1. **Setup**: Begin by installing Python and setting up a virtual environment. Next, install the necessary packages including `requests` for making HTTP requests and `ArticutAPI` for natural language processing tasks.
2. **User Interface**: Develop a simple command-line interface (CLI) or a basic web interface using Flask or Django for users to interact with the chatbot. The user should be able to input their financial statements or queries related to their finances.
3. **Input Parsing**: Use the `ArticutAPI` package to parse the user's input. Specifically, leverage its capabilities in Chinese word segmentation (CWS), part-of-speech tagging (POS), and named entity recognition (NER) to understand the context of the financial data or questions provided by the user.
4. **Data Analysis**: Based on the parsed information, the chatbot should perform basic financial analysis.

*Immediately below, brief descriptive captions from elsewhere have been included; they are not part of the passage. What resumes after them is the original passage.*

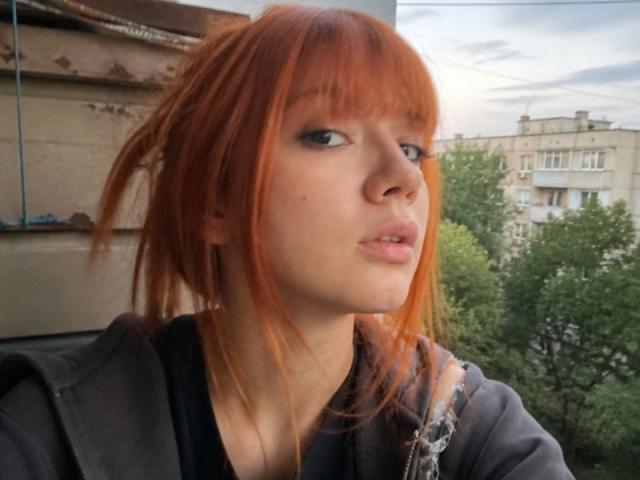 HalleyBabiracki has red hair, blue eyes, and is pouting with slightly parted lips, wearing a black shirt, looking to the side. She's outside with green trees in the background.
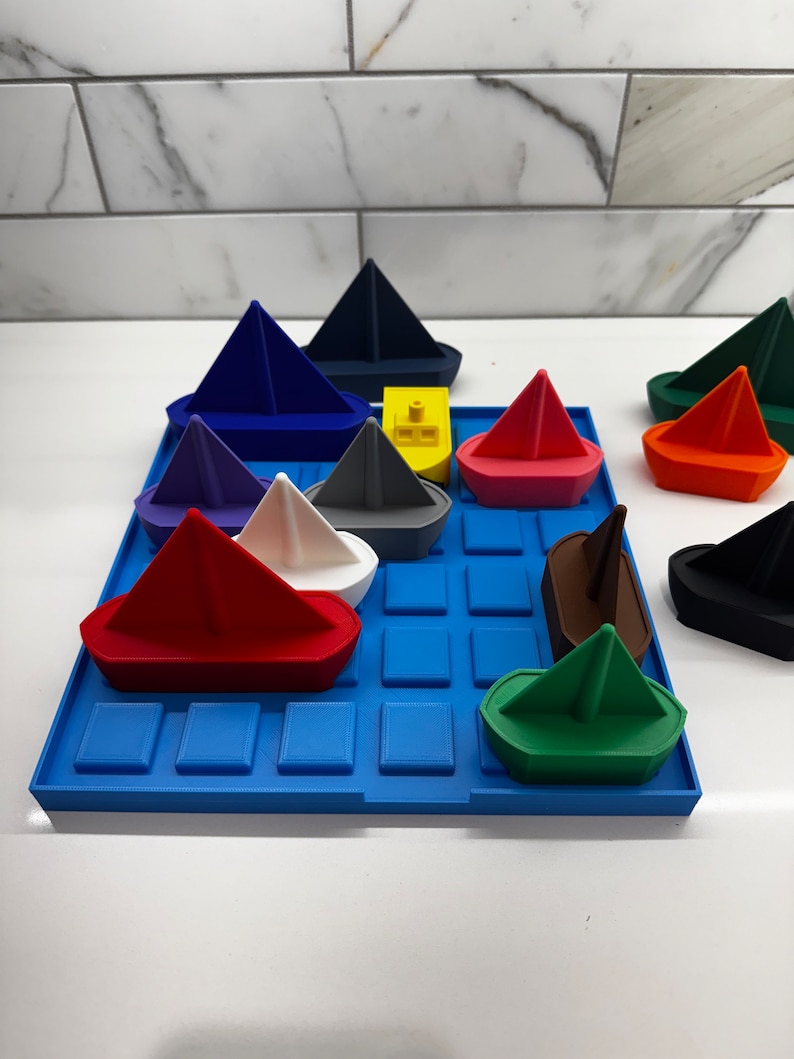 May include: A blue tray with a grid pattern holds a variety of colorful toy boats. The boats are made of plastic and are shaped like sailboats. The boats are arranged in a random pattern on the tray.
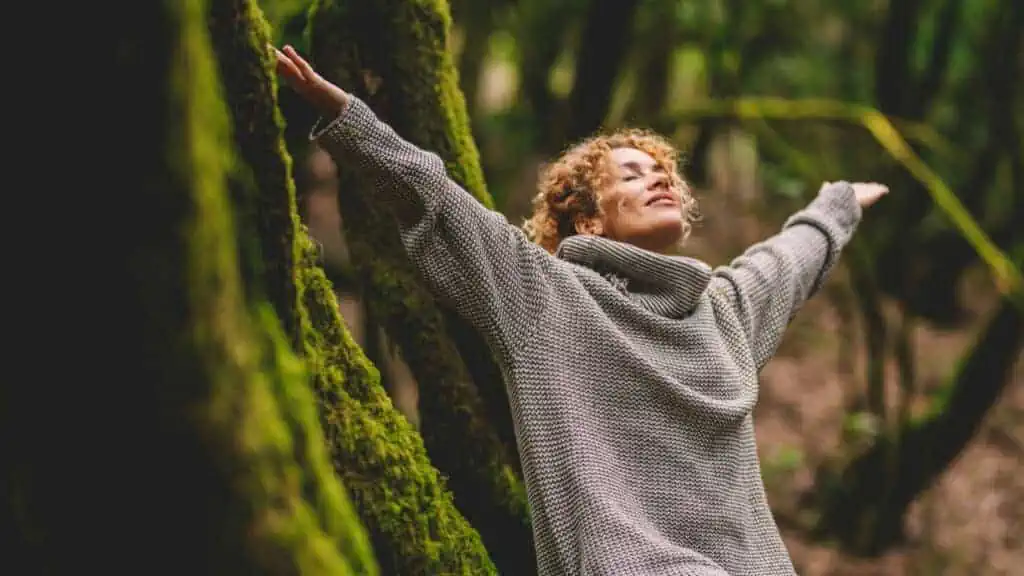 woman in nature taking a deep breathe, meditating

For instance, if the user inputs a statement like 'I spent 500 yuan on groceries', the chatbot should be able to identify 'groceries' as a category and '500 yuan' as an amount, then store this data for further analysis.
5. **Insights Generation**: Provide personalized financial advice based on the analyzed data. For example, suggest ways to save money or highlight areas where spending could be reduced.
6. **Integration and Testing**: Integrate all components and thoroughly test the application to ensure it accurately processes user inputs and generates meaningful insights.
7. **Deployment**: Once testing is complete, deploy the chatbot either as a CLI tool or a web application accessible via a URL.

Suggested Features:
- Ability to categorize expenses into predefined categories such as food, entertainment, etc.
- Historical spending trends visualization.
- Suggestions for budgeting improvements.
- Alerts for unusual spending patterns.
- Support for multiple languages, utilizing the multilingual capabilities of the ArticutAPI.

By following these steps and incorporating the suggested features, you'll create a valuable tool for anyone looking to better understand and manage their personal finances.